_DATA FOR THIS TASK_:
————————
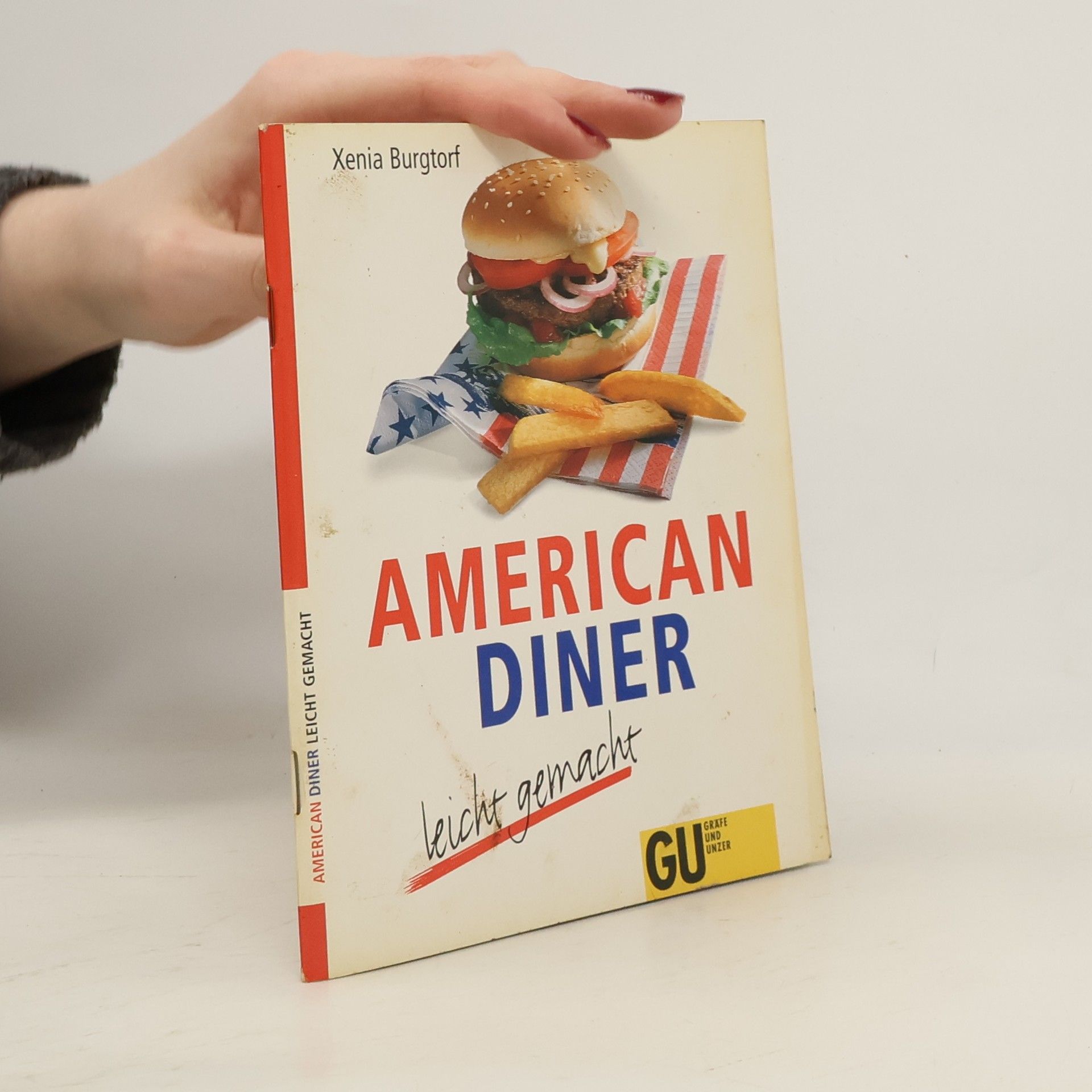Xenia Burgtorf American Diner leicht gemacht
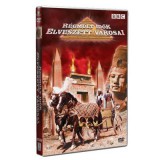 Régmúlt idők elveszett városai - DVD
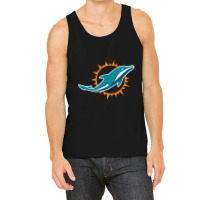 Limited Edition Dolphins-miami Merch Tank Top | Artistshot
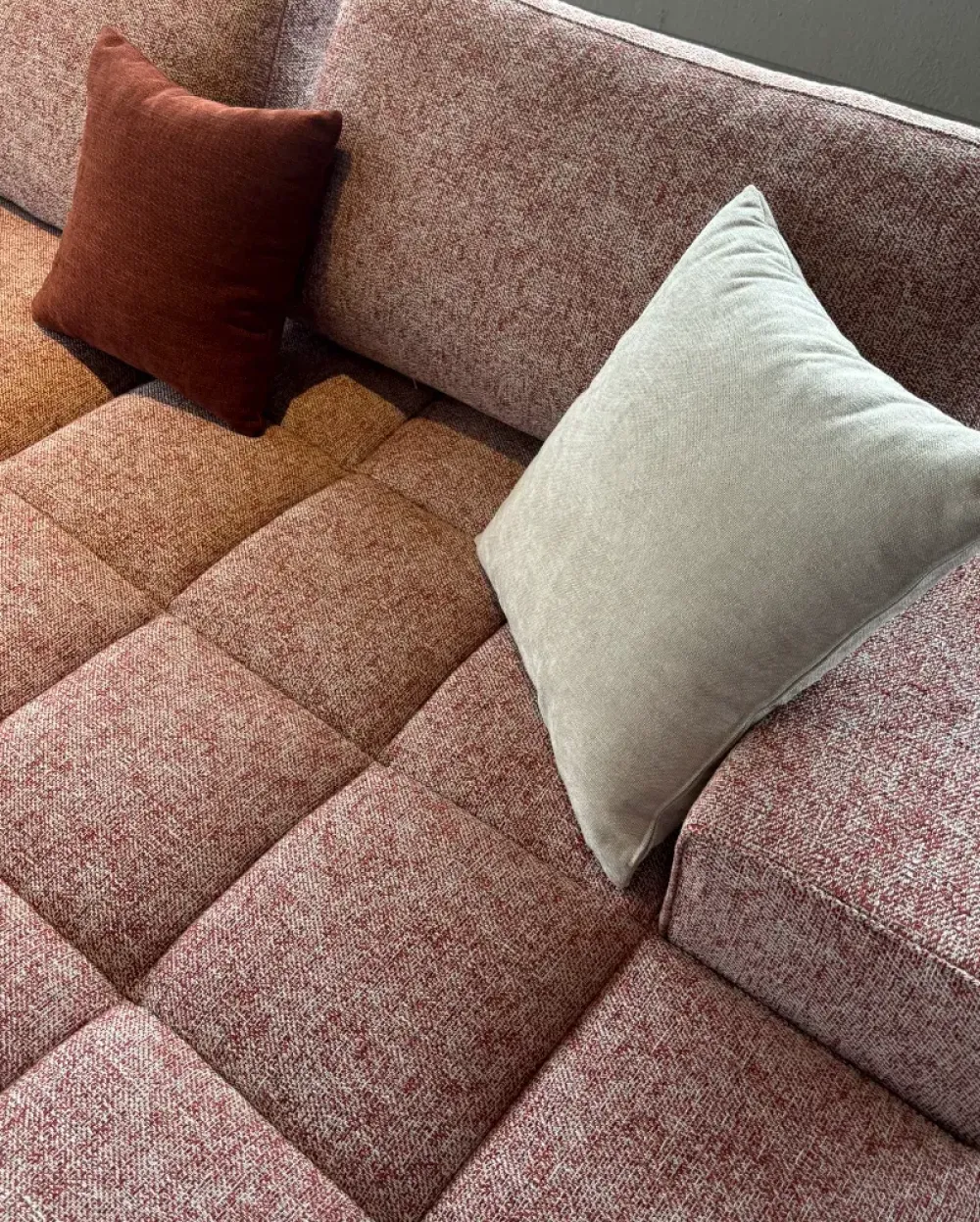 Divano Lineare modello Blake di con forte sconto^Bodema Best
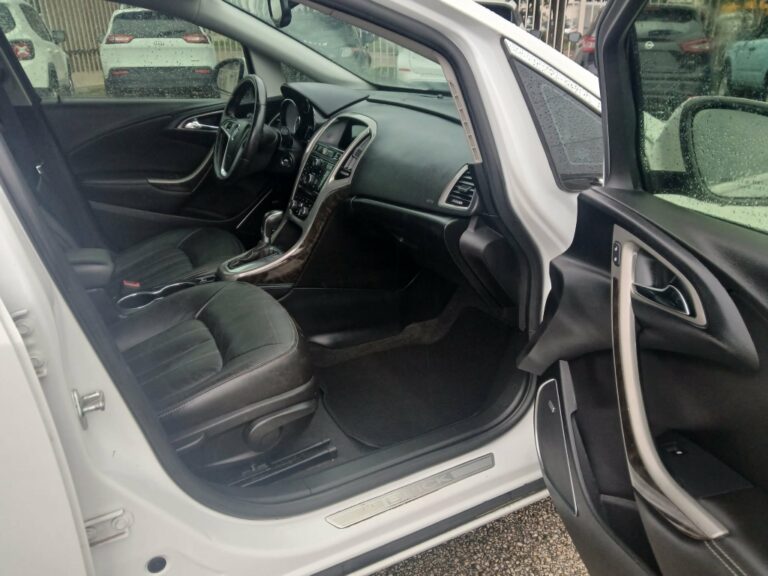2017 BUICK VERANO LEATHER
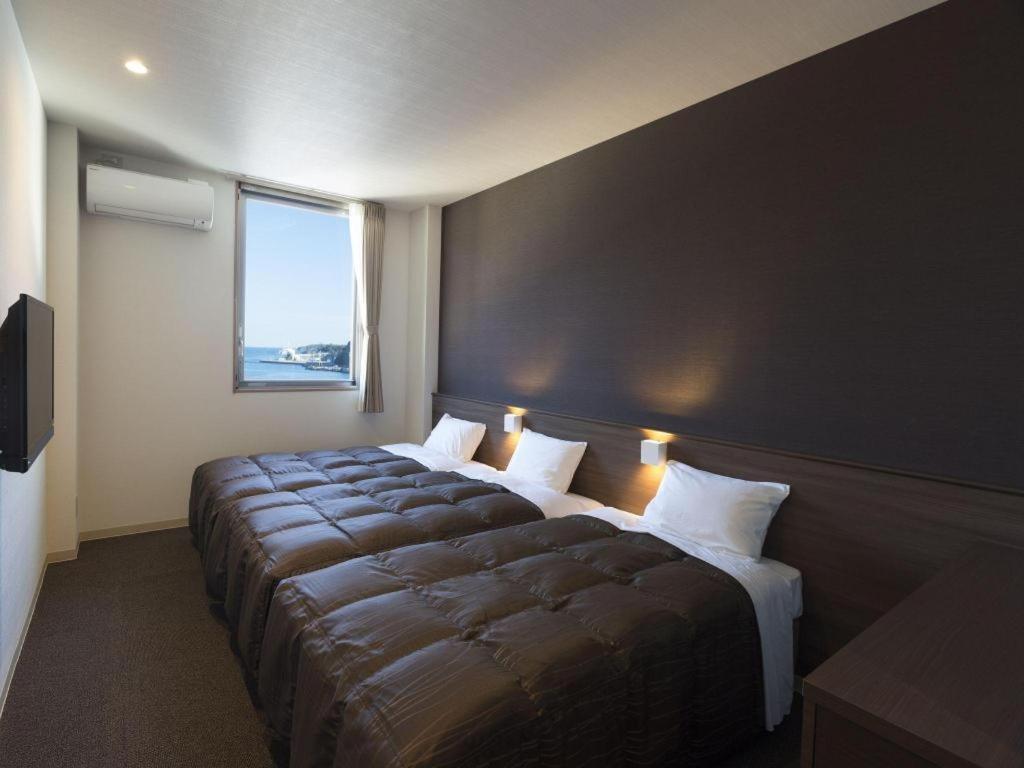 Daemado Hotel Hitakatsu Kamitsushima Esterno foto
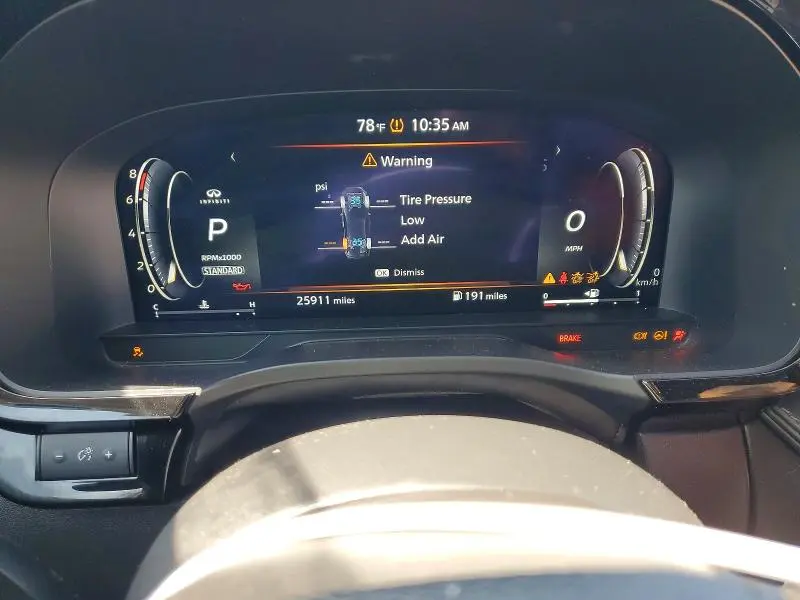 2024 INFINITI QX60 LUXE  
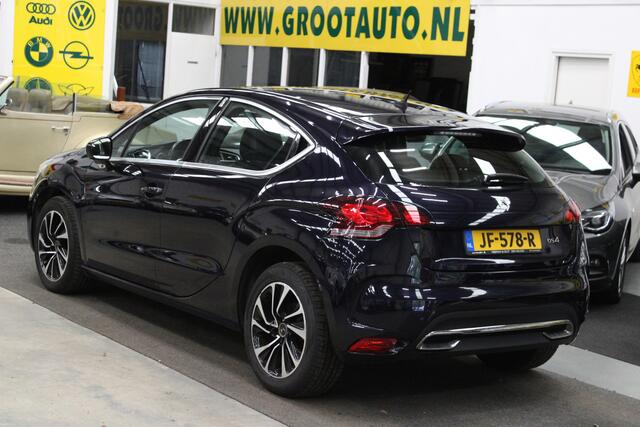 DS DS 4 1.2 PureTech Business Airco, Cruise control, Stoelverwarming, Parkeersensoren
————————
_EXERCISE DESCRIPTION_: Find the line that has "Divano Lineare modello" in the listing, then retype it and each later line up to the last, exactly. Leave pictures out.

_REPLY TO THE EXERCISE_:
 Divano Lineare modello Blake di con forte sconto^Bodema Best
2017 BUICK VERANO LEATHER
 Daemado Hotel Hitakatsu Kamitsushima Esterno foto
 2024 INFINITI QX60 LUXE  
 DS DS 4 1.2 PureTech Business Airco, Cruise control, Stoelverwarming, Parkeersensoren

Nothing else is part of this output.